9. Assignment of the Manager's Interest.
9.1 Permitted Assignments. Except as otherwise provided in Section 9.4 and elsewhere in this Agreement, the Manager may not sell, assign, hypothecate, encumber or otherwise transfer any part or all of its interest in the Company except with the consent of a Majority Vote of the Units. If the Members consent to the transfer, the interest may only be sold to the proposed transferee within the time period approved by the Members or within 90 days of such consent on the proposed terms and price, if later. All costs of the transfer, including reasonable attorneys' fees (if any), shall be borne by the transferring Manager.
9.1.1 Assignment or Transfer of Interest. Any assignment or transfer of the Manager's interest provided for by this Agreement can be an assignment or transfer of all of its interest or any portion or part of its interest.
9.1.2 Transfer of All or Part of Interest. Any transfer of all or a part of any Manager's interest may be made only pursuant to the terms and conditions contained in this Section 9.
9.1.3 Method. Any such assignment shall be by a written instrument of assignment, the terms of which are not in contravention of any of the provisions of this Agreement, and which has been duly executed by the assignee of such Manager's interest and accepted by the Members pursuant to a Majority Vote of the Units.
9.1.4 Execution and Delivery. The assignor and assignee shall have executed, acknowledged, and delivered such other instruments as the Members pursuant to a Majority Vote of the Units, may deem necessary or desirable to effect such substitution of any such proposed transfer, and which shall include the written acceptance and adoption by the assignee of the provisions of this Agreement.
9.2 Substitute Manager.
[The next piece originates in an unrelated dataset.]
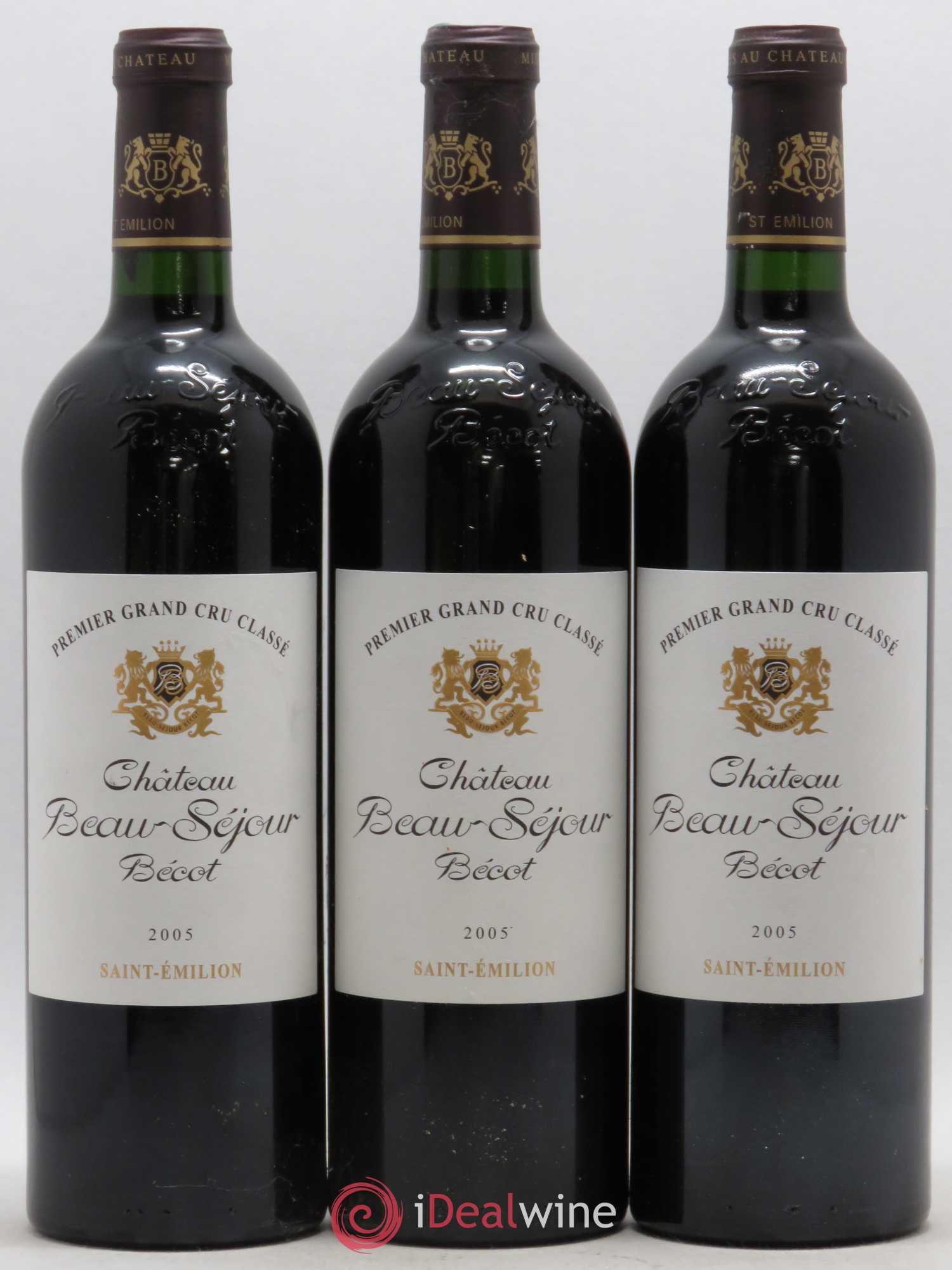 Château Beau-Séjour Bécot 1er Grand Cru Classé B 2005 - Lot de 12 bouteilles - 2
Upon acceptance by the Members of an assignment by the Manager, any assignee of such Manager's interest in compliance with this Section 9 shall be substituted as the Manager.
9.3 Transfer in Violation Not Recognized. Any assignment, sale, exchange or other transfer in contravention of the provisions of this Section 9 shall be void and ineffectual and shall not bind or be recognized by the Company.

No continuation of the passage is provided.